The first of our five Data platforms is credit card activity. Each row of the data Platform represents a single credit card transaction. This data platform includes the following features: name (string), credit card number (integer), transaction amount (float), merchant address (string), merchant name (string), transaction type (string), and time (date). The anomaly features in the credit card activity data platform are credit card number, transaction amount, merchant address, merchant name, transaction category, transaction type, and time. The relationship between this platform and the rest of the platforms can be seen in Figure 6.

The second of our five platforms is bank account activity.
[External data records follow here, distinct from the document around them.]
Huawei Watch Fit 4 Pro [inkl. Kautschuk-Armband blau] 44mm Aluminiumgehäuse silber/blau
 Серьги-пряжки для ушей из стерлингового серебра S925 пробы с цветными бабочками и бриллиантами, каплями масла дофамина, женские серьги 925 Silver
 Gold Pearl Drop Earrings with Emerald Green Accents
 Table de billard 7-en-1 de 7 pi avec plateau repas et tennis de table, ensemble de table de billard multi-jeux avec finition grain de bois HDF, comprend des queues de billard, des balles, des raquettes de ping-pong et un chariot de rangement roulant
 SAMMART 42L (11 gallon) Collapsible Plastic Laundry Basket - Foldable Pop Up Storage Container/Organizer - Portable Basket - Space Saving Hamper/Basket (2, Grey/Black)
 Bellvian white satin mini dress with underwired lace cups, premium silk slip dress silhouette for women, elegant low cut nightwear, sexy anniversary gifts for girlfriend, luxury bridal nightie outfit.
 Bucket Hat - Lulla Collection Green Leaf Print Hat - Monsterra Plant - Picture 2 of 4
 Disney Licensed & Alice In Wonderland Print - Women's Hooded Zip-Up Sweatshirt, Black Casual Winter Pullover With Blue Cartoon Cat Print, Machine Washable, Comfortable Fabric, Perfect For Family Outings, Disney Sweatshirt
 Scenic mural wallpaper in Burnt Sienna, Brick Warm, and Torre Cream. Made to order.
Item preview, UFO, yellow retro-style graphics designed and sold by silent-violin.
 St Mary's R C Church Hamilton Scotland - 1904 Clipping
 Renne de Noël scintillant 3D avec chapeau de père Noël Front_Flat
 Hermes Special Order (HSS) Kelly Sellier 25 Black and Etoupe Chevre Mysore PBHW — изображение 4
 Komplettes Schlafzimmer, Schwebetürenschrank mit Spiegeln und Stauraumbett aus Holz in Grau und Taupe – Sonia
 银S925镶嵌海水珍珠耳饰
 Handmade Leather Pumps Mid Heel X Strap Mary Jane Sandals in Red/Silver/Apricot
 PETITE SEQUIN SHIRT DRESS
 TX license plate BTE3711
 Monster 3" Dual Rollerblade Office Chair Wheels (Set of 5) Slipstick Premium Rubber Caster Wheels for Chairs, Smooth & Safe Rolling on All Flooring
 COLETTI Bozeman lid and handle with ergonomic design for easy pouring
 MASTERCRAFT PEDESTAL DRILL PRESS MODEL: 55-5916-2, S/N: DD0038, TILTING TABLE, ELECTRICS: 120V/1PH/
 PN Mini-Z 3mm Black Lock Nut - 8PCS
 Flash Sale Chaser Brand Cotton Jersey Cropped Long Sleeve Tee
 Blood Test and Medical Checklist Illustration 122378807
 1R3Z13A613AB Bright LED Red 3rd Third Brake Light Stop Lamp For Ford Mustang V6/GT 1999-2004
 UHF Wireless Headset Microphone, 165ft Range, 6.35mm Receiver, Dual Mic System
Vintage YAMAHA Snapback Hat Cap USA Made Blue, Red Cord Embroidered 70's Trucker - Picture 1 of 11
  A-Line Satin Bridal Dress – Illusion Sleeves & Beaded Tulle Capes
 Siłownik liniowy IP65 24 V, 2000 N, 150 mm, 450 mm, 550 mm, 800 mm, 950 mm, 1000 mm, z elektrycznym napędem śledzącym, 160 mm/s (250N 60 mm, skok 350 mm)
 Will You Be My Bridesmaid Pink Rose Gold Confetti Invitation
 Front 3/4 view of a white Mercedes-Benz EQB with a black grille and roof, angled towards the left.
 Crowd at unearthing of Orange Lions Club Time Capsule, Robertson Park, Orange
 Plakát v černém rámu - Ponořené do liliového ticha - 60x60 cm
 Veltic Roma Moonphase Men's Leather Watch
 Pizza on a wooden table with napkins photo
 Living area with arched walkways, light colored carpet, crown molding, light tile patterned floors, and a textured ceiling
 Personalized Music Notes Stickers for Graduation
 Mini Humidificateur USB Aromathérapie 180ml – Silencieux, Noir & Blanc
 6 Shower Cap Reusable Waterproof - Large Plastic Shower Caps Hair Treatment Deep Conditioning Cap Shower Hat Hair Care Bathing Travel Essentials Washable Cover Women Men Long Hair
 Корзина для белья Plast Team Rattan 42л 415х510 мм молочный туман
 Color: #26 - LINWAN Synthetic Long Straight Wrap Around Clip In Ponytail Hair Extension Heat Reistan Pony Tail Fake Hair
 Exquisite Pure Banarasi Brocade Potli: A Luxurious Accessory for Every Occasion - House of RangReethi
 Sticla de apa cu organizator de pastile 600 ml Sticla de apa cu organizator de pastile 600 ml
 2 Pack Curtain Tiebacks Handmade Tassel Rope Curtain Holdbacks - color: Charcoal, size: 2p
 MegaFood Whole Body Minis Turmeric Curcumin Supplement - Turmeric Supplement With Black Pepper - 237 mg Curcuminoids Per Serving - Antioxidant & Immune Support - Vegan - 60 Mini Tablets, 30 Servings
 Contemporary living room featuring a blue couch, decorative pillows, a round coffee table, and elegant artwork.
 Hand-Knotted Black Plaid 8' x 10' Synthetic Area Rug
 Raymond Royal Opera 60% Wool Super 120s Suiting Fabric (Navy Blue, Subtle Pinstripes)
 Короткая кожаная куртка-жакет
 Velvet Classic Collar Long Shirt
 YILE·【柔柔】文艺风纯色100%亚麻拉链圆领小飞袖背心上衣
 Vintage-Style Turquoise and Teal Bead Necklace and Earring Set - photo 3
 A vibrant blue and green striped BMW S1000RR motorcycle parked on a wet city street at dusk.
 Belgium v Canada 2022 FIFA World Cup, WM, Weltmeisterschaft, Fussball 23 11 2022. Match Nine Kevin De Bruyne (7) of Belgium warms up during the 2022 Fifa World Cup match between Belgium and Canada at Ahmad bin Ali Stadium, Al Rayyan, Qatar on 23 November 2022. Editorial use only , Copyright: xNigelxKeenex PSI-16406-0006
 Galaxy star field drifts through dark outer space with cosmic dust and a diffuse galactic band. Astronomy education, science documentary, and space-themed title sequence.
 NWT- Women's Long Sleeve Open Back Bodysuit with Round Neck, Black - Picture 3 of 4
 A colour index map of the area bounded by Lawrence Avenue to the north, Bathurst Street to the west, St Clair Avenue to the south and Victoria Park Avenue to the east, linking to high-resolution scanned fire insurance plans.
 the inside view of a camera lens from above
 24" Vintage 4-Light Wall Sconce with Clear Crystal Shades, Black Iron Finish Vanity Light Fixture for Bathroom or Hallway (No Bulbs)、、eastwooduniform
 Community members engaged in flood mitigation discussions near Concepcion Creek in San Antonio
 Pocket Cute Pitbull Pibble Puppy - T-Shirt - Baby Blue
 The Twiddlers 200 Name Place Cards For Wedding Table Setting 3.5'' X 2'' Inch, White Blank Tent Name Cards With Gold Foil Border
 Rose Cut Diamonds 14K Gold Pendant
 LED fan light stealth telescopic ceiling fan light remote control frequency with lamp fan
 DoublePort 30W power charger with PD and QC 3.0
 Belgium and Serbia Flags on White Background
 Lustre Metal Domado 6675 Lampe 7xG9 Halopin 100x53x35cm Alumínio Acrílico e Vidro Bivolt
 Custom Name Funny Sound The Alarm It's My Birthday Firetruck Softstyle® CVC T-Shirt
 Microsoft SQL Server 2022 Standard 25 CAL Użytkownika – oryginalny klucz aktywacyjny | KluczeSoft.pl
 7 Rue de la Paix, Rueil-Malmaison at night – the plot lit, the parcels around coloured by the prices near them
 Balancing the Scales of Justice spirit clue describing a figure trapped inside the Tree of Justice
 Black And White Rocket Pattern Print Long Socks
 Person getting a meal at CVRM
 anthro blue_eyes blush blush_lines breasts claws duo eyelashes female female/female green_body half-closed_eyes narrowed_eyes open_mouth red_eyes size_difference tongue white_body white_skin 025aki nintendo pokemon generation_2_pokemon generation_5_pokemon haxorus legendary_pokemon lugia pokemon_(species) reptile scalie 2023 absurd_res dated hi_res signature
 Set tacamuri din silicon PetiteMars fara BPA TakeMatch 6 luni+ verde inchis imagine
Each row of the data platform represents a single bank account transaction. This data platform includes the following features: Name (string), transaction amount (float), time (date), country code (integer), account number (integer), IBAN (integer), SWIFT code (integer), account type (string), and transaction type (string). The anomaly features in the bank account activity data platform are account number, transaction amount, transaction type, and time. The relationship between this platform and the rest of the platforms can be seen in Figure 6.

The third of our five platforms is health records. Each row of the data platform represents a single appointment. This platform includes the following features: Name (string), appointment duration (integer), procedure duration (integer), appointment date and time (date), lateness history (integer), visit type (string), and visit count (integer). The anomaly features in the health records platform are appointment duration, procedure duration, date and time, lateness history, and visit type. The relationship between this platform and the rest of the platforms can be seen in Figure 6.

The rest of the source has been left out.